# Cost functions

# Quadratic cost function ($C = \frac {(y-a)^2}{2}$)

- This is nice and simple, with the additional bonus that $C’ = y - a$
- The loss grows exponentially, so a large error is treated a lot more harshly than a small error - this seems a good idea
- It’s very xenophobic, in that it will go out of its way to harm outliers
- The exponent will cause the loss to always be positive. Would allowing it to go negative result in finding optima faster? Or would it just overshoot in the opposite direction?
- Bad behaviour gets punished, and good ignored. Yet it works. Beware the naturalist fallacy

# Cross-entropy cost function ($C = -\sum_iy_i\log(a_i)$)

- Each possible outcome will have it’s own clause. In the case of a binary classifier, this will be $-(y\log(a) + (1 - y)\log(1 - y))$, where one clause will disappear (seeing as $y \in {0, 1}$)
- For tasks with $n$ categories, there will be $n$ clauses, e.g. $-(1\cdot\log(0.2) + 0\cdot\log(0.3) + 0\cdot\log(0.5))$ for the case of $y = cat1, a=[0.2, 0.3, 0.5]$
- Cross-entropy works on probability distributions. So it needs inputs such that $\sum x =1, x \in <0, 1>$
- The sum will be negative, since all the $a_i < 1$, so the $/log(a_i) < 0$. The minus makes sure that the loss is always non negative
- During backpropagation, it’s very simply to calculate $C’$ for L2, but that leaves the activation function derivative, which in the case of it being the sigmoid function, can cause neurons to saturate. The derivative of cross-entropy cancels this out, leaving $\frac {\partial C}{\partial w_j} = x_j(a-y)$. This doesn’t saturate the output neurons (but hidden ones still can).
- Was found by starting with the desired shape of $\frac {\partial C}{\partial w_j}$ and integrating backwards
- Measures how surprised one should be with the difference between $y$ and $a^L$

# Softmax ($a = \frac {e^{x_j}} {\sum_k e^{z_k} }$)

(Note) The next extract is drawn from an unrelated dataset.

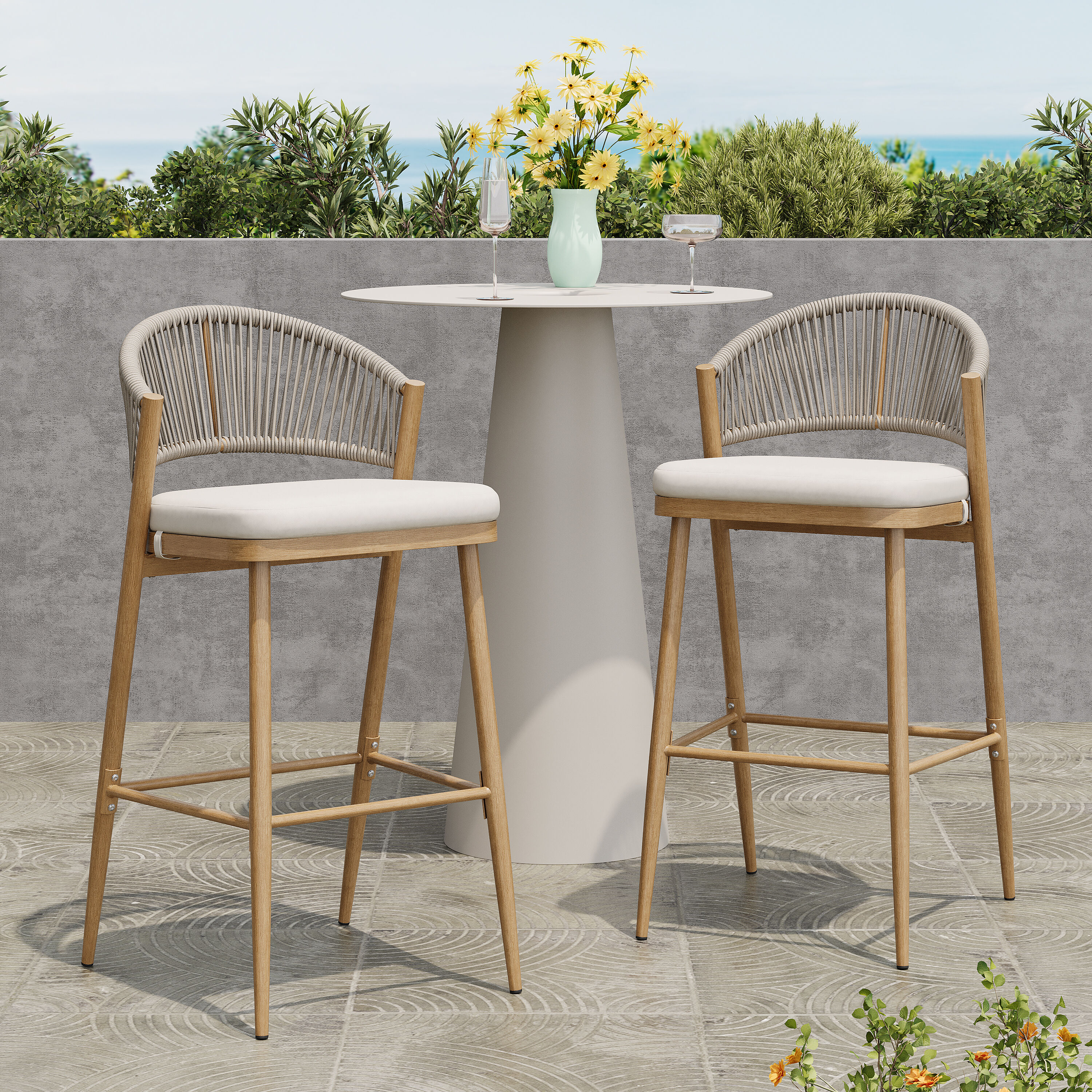 ModernLuxe Assembly Required Outdoor 30.25inch Seat Height Aluminum Frame Barstools with PE Rattan Scallop shaped Backrest Set of 2 Maple Finish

- Transforms input vectors into probability distributions
- Will work well with cross-entropy
- Can be used directly to assign probabilities for each category
- The exponentials ensure that all values are positive
- The derivative of softmax uses some dark magic, but the result is that $\frac {\partial a_j}{\partial z_k} > 0$ for $j = k$ and $\frac {\partial a_j}{\partial z_j} < 0$ for $j \neq k$. This means that changing $z_j$ will cause changes in the opposite direction for all other $z$s
- Softmax layers are nonlocal - each neuron depends on all other neurons in the layer for its outputs

# Log likelihood cost function ($C = - \ln a^L_y$)

- This is just the cross-entropy for multiple classes, where $y \in {0, 1}$. So for $n$ classes, where $k$ is the correct class: $$\begin{cases} y_i = 0 \text{ for } i\ne k \\\ y_i = 1 \text{ for } i = k \end{cases}$$ This ends up being $- \delta_{jy}\ln a^L_j$, because only the index for the correct class will be non zero.
- Softmax + log likelihood are equivalent to sigmoid + cross-entropy. This I still don’t understand - it’s something to do with the dark magic of the derivatives.